Читаем A Woman in Berlin полностью

The three of us advance into the room. A small Hindenburg lamp on the pantry is giving out its last light. Apart from that there’s a flickering gleam from a dying torch, swung by a Russian I’ve never seen before. The other man is Petka, no doubt about it, I can tell from his voice. Since the day before yesterday (hard to believe, but it really was just two days ago), his love for me has turned to hate. As soon as he catches sight of me, the spurned Siberian comes lunging my way. His bristles are standing on end (who knows where his cap is?). His small eyes are glistening. He’s dead drunk.

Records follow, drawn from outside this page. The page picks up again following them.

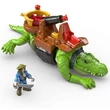 Kép 2/4 - Fisher-Price: Imaginext krokodil és Hook kapitány játékszett - Mattel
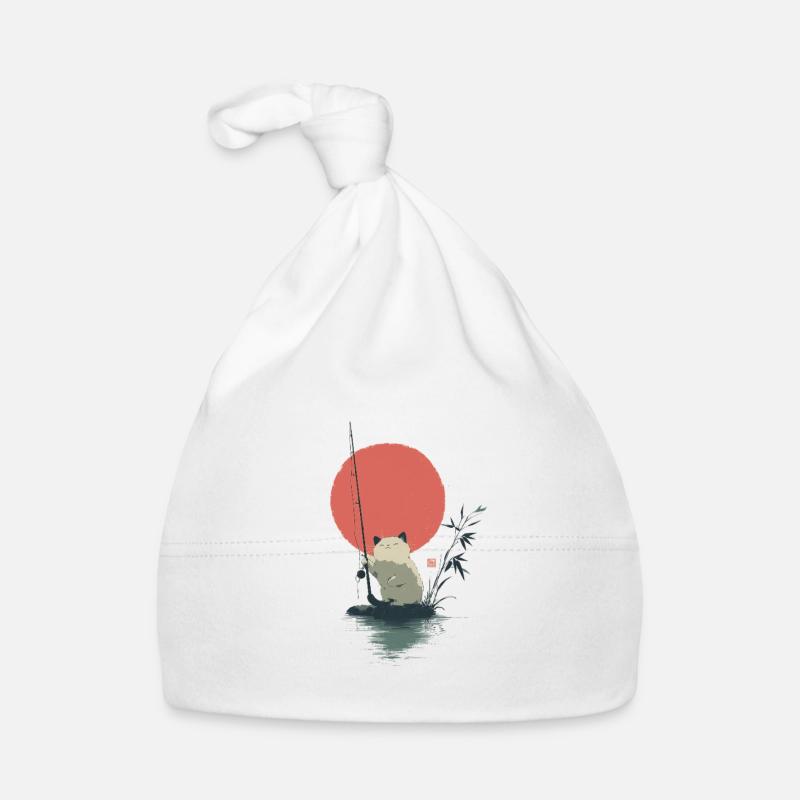 Panda Angler at the Red Moon Organic Baby Cap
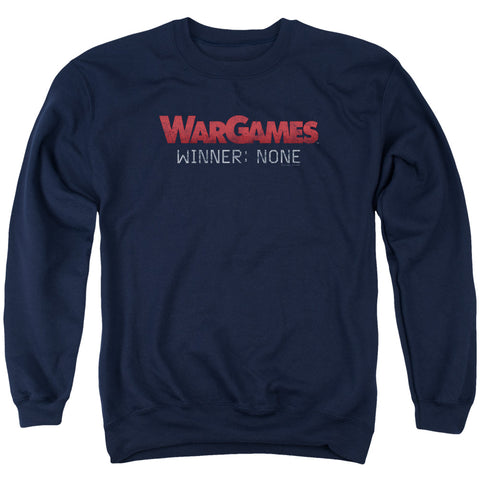 Wargames/no Winners-adult Crewneck Sweatshirt-navy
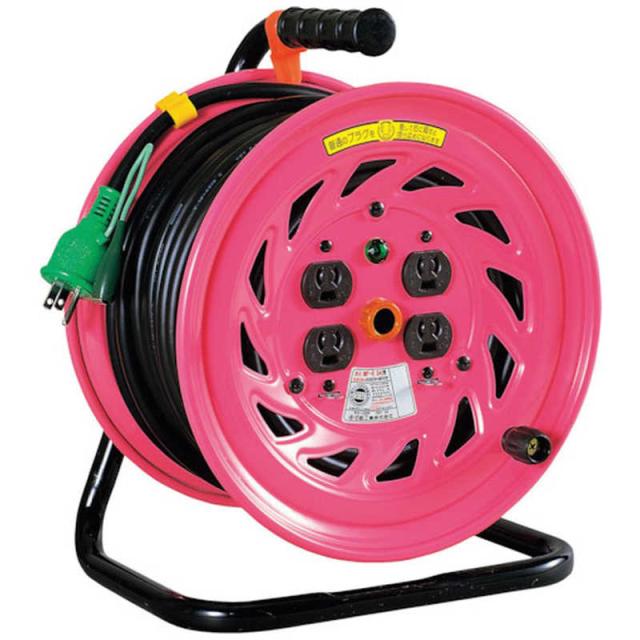 日動工業　NICHIDO 電工ドラム 100V 屋内型 アース付 抜け止め式 30m　NFE34N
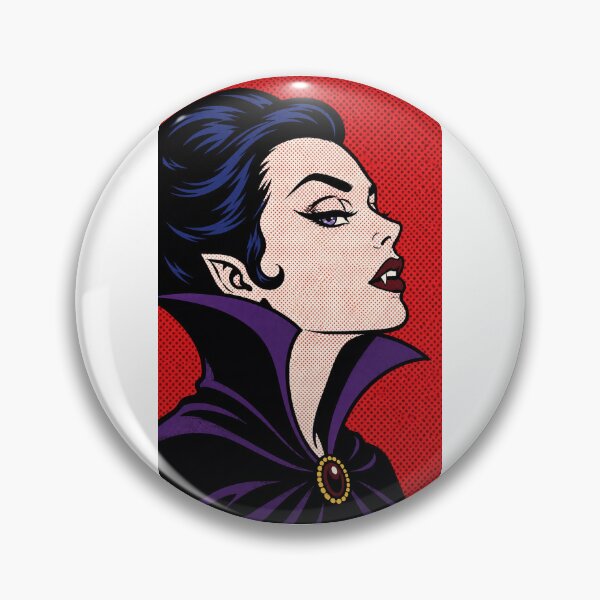 Item preview, Retro Pop Art Vampire Countess – Vintage Gothic Comic Portrait designed and sold by WolfmanProphecy.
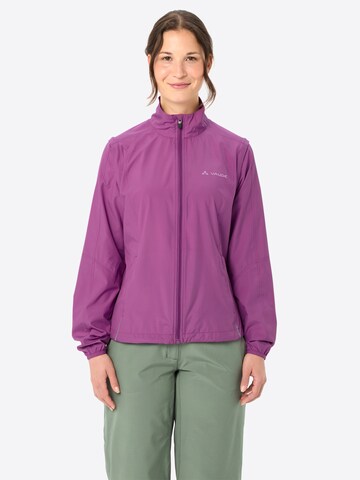 VAUDE Outdoorjas in Lila: voorkant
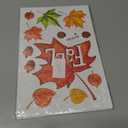 2 x Whaline 105Pcs Fall Glitter Maple Leaves Window Clings Colorful Hello Fall Window Decals Doubled-Sided Window Stickers for Autumn Thanksgiving Harvest Home School Office Party Supplies Gifts, 9 Sheets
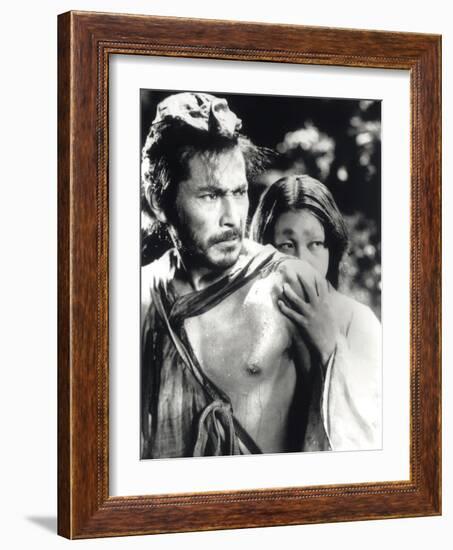 Rashomon, Toshiro Mifune, Machiko Kyo, 1950-null-Framed Photo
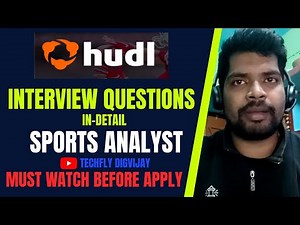 Interview Questions | Sports Analyst @Hudl | Tips | Video Analysis | Work From Home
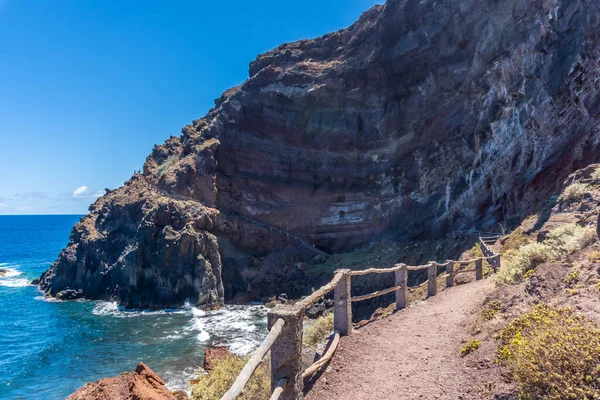 Trilha Para Praia Nogales Leste Ilha Plama Ilhas Canárias Espanha — Fotografia de Stock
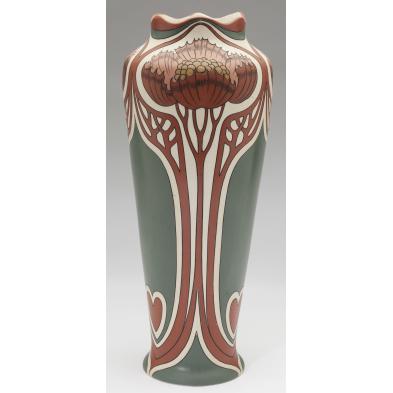 mettlach-art-nouveau-tall-vase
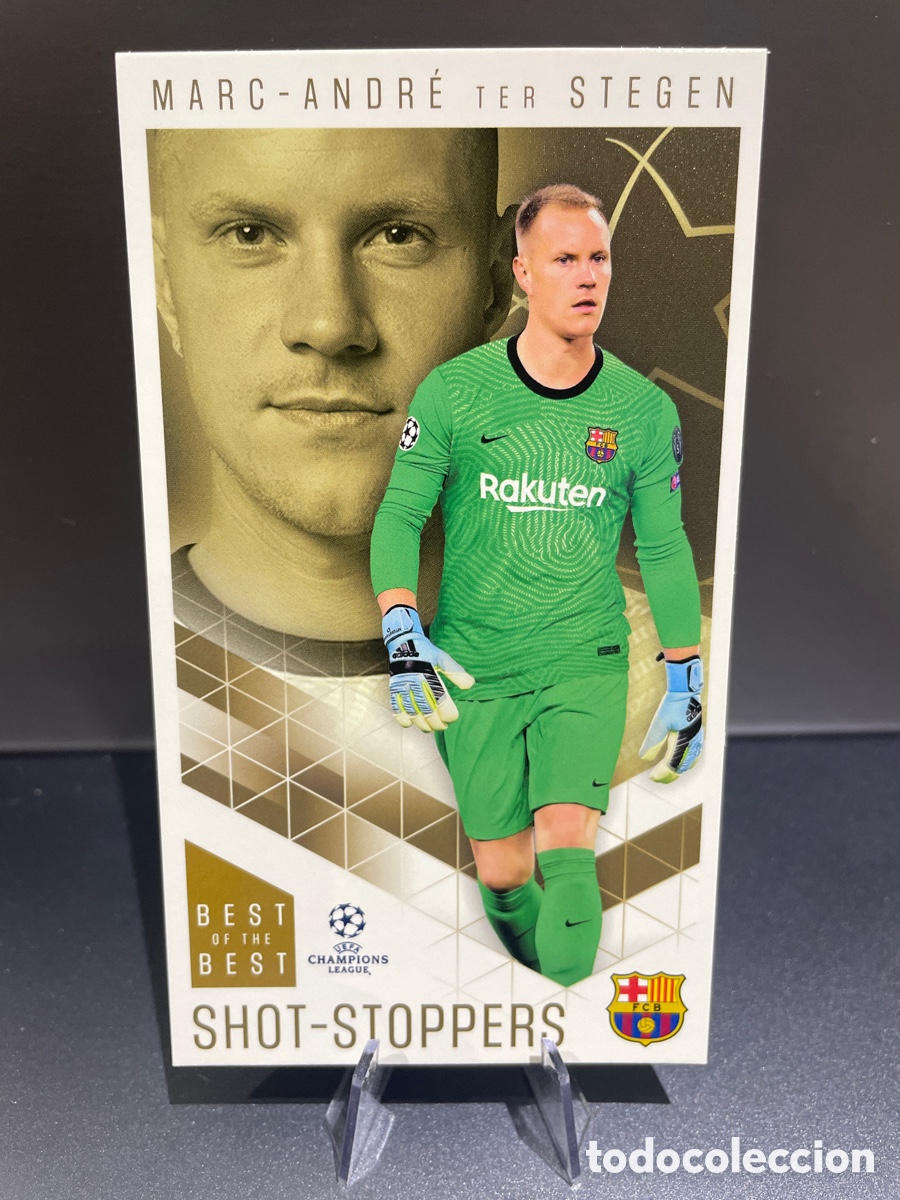 Fu&szlig;ball-Sticker: Ter Stegen 4 Shot-Stoppers Best of the Best 2020-21 Topps FC Barcelona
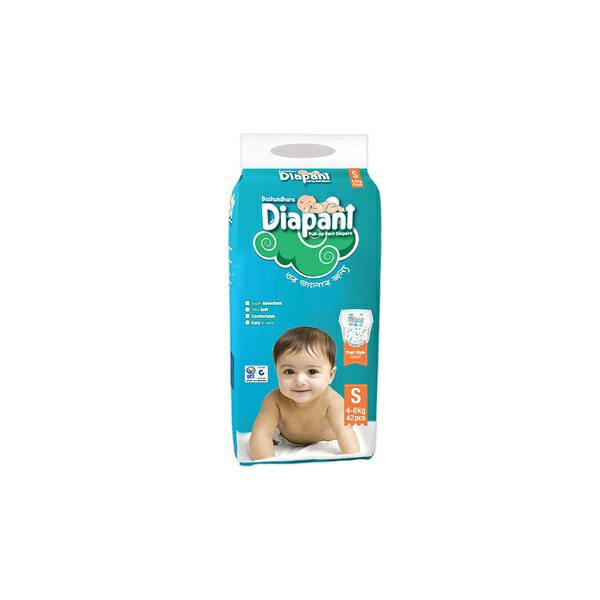 Bashundhara Baby Diaper Pant System S (4-8 kg) 42 Pices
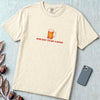 Bad Day To Be A Beer T-shirt - Ivory unfolded t-shirt mockup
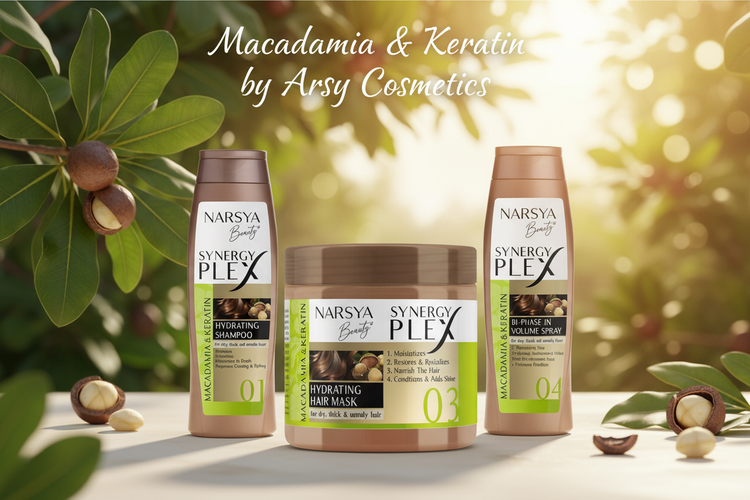 Macadamia & Keratin — колекція продуктів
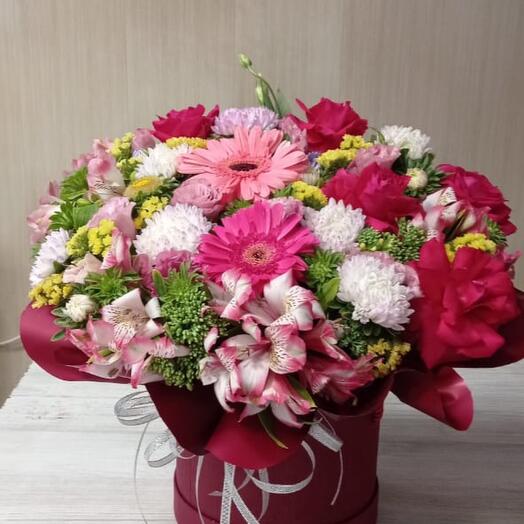 Цветочный микс в коробке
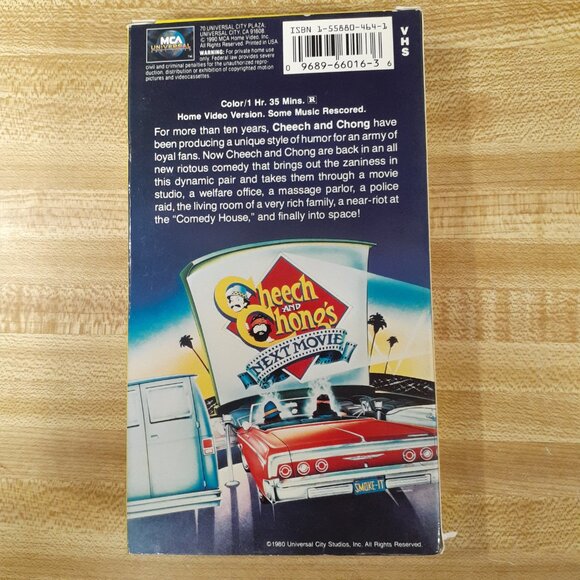 Cheech and Chong’s Next Movie (VHS, 1980) Tommy Chong, Stoner Comedy Cult VTG - Picture 3 of 6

There’s a sewing machine in the corner next to the window. Petka picks the whole thing up by its locked cover and hurls it across the kitchen at me. The heavy piece goes crashing onto the tiles. I duck and call out to the orderly, ‘Go and get Anatol!’ Then I dash behind the other soldier, the one I don’t know who came in with Petka, beg him to help me ward off the drunken man. Petka starts swinging at me with his fists, but keeps missing because he’s so drunk. Then without warning he blows out the Hindenburg lamp. The torch battery dies as well; we’re completely in the dark. I hear Petka panting, smell the alcohol on his breath. I’m not frightened, not at all – I’m too busy trying to dodge him, trying to trip him, and I sense that I have allies near at hand. Finally we manage to manoeuvre him to the back door. The torch gives one or two final flashes. We shove Petka down the spiral staircase, hear him falling down several steps. As he stumbles he calls out to me how bad I am, nothing but filth, tells me to take my mother and…

It’s 1 a.m., so it’s already Tuesday – May Day. Exhausted, I plop down in the wing chair. The small orderly goes back out, this time to get Anatol for sure. I keep my ears pricked, doze a bit… The widow and Herr Pauli are bound to have gone to sleep a long time ago. But I don’t dare to, so I wait.

At last there’s a knock at the front door. It’s the orderly again, now loaded with bacon, bread, herring, a canteen full of vodka. Teetering with fatigue, I search the kitchen for some plates and glasses, then set the table with his help. The herring fillets are fully boned and daintily curled. I yawn. The orderly consoles me, Anatol will be right over.’

And he really does show up ten minutes later, along with the pale blond lieutenant, still limping on his German hiking pole. Anatol pulls me on his knee and yawns. ‘Ahhh, to sleep…’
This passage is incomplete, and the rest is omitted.